■ Activity: Through the end of the data below, output every line exactly, beginning with the line that contains "Ремонт фасадов альпинистами".

** Opening Entries provided block **

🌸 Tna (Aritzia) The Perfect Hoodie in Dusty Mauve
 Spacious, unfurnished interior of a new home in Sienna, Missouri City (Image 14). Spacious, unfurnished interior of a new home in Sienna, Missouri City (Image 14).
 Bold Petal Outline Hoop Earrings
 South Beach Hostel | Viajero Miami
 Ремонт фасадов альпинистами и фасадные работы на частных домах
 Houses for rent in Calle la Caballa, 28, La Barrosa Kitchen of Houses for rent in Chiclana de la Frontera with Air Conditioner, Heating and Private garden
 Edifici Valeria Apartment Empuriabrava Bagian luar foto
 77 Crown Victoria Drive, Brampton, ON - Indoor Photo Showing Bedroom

** Closing Entries provided block **

■ Result of the task:
 Ремонт фасадов альпинистами и фасадные работы на частных домах
 Houses for rent in Calle la Caballa, 28, La Barrosa Kitchen of Houses for rent in Chiclana de la Frontera with Air Conditioner, Heating and Private garden
 Edifici Valeria Apartment Empuriabrava Bagian luar foto
 77 Crown Victoria Drive, Brampton, ON - Indoor Photo Showing Bedroom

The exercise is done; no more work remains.